In a fiery speech to supporters, one day after the deadliest bombing in the capital since Lebanon's civil war ended two decades ago, Nasrallah raised the stakes by pledging to join the battle in Syria himself if needed.
Thursday's blast in the Shi'ite militant Hezbollah's south Beirut stronghold followed months of sectarian tension and violence in Lebanon fuelled in part by Hezbollah's intervention against Sunni Muslim rebels in Syria's civil war.
"It is most likely that a takfiri group was responsible for yesterday's explosion," Nasrallah said, referring to radical Sunni Muslim factions linked to al Qaeda, many of whom are fighting with Syrian rebels against President Bashar al-Assad.
"If you think by killing our women and children ... and destroying our neighborhoods, we would retreat from the position we took (in Syria) you are wrong," he said in a combative speech broadcast by videolink from a secret location to his supporters.
"If we had 100 fighters in Syria, now they will be 200. If we had 1,000, they will be 2,000. If we had 5,000 they will be 10,000. If the battle with these takfiri terrorists requires that I and all Hezbollah should go to Syria, we will go."

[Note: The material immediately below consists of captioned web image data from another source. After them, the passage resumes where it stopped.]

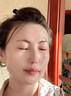 希格玛308白癜风治疗仪西格玛UVB银屑病紫外线准分子激光光疗仪医院同款 12强度308nm全身小面积可用 实拍图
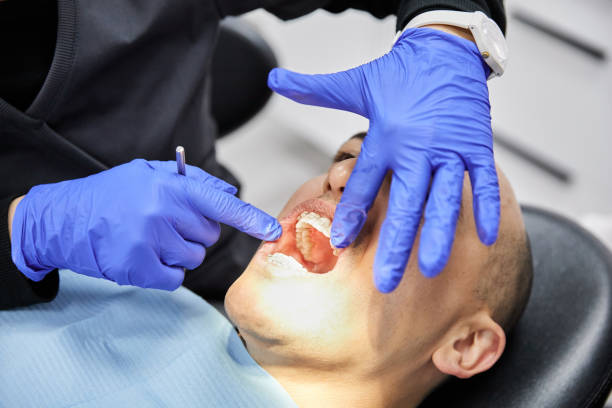 Best Cracked Tooth Emergency Dentist  in Ponchatou, LA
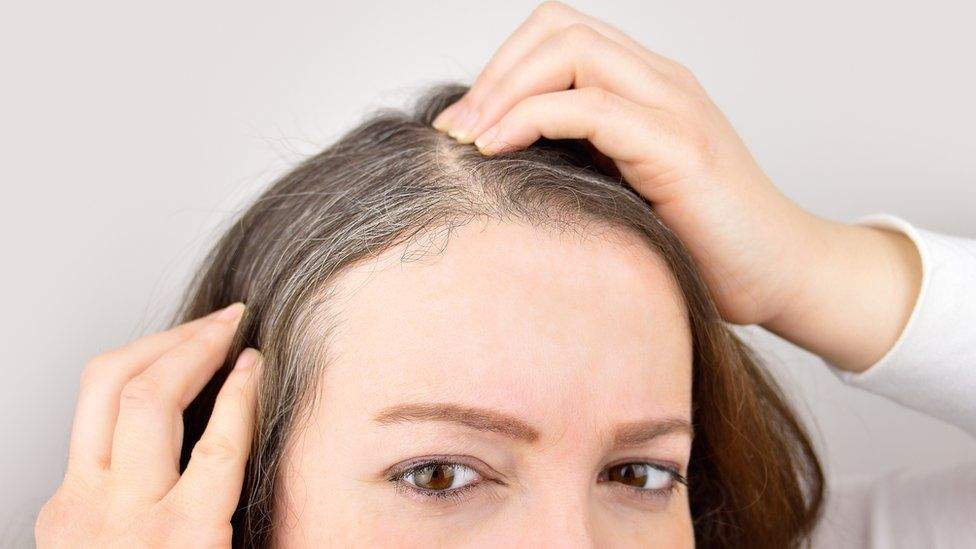 What Causes Stress Hair Loss? – Symptoms And Treatment What Causes Stress Hair Loss? – Symptoms And Treatment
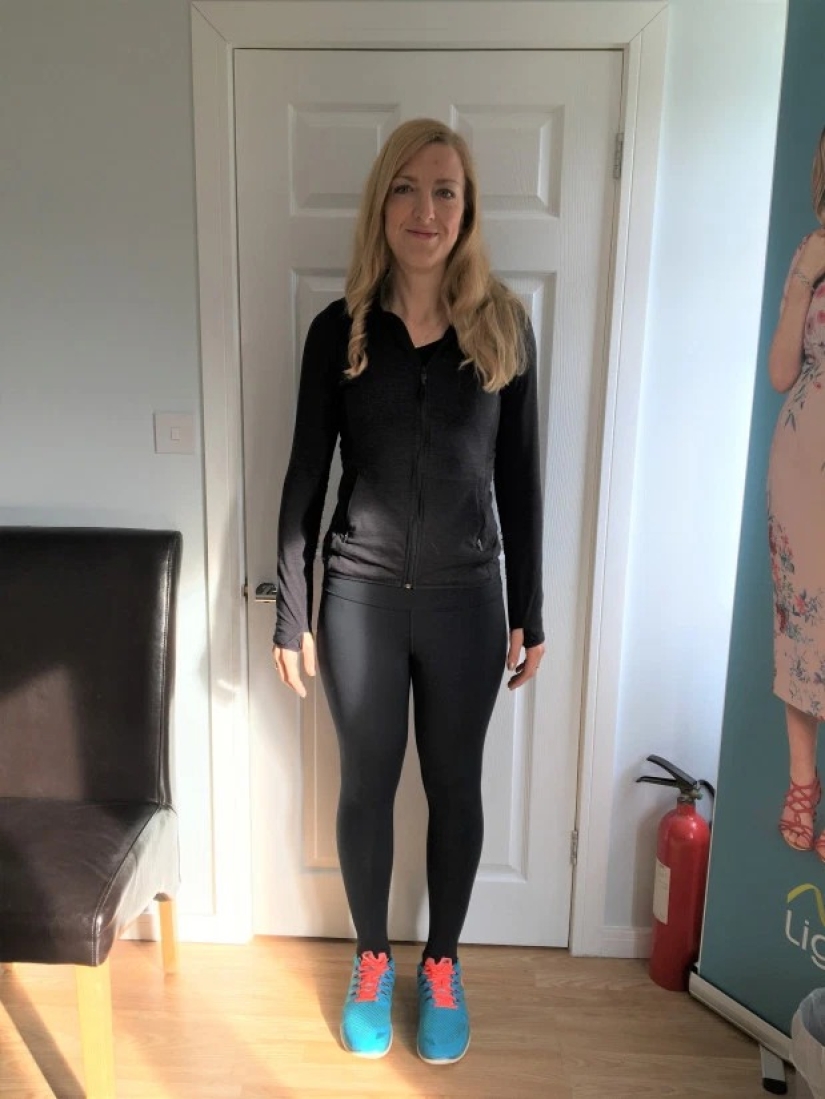 Pulled herself together: the woman got rid of snoring and lost 89 kg, refusing gastric banding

Thursday's blast came a month after a car bomb wounded 50 people in the same district of the Lebanese capital - an attack that Nasrallah also blamed on takfiris, who consider all but the most radical Sunnis to be infidels whose blood can be spilt.
Defense Minister Fayez Ghosn said a Syrian man had been arrested for suspected involvement in the July bombing, underlining the extent to which Lebanon has become embroiled in its neighbors' conflict.
Lebanese Hezbollah fighters helped Assad's soldiers retake a strategic border town in June, while Sunni Muslims from Lebanon have joined the rebel ranks. The violence has spilled back into Lebanon, with bombings and street clashes in the Bekaa Valley and Mediterranean cities of Tripoli and Sidon.
POSSIBLE SUICIDE BOMBING
Thursday's explosion engulfed a busy street in flames, reviving memories of the destruction inflicted by Lebanon's civil war.
Interior Minister Marwan Charbel said investigators were checking CCTV footage taken in the moments before the explosion to see whether the van believed to have carried the bomb had been driven by a suicide bomber or detonated remotely.
Reporters who arrived at the scene minutes after the explosion saw a burnt-out car near the center of the road, suggesting it was being driven when it blew up.
Among the dead were a family of five - a father, mother and their three daughters - who were killed in their car by the blast, which destroyed several vehicles and set fire to the lower floors of adjacent buildings, trapping residents.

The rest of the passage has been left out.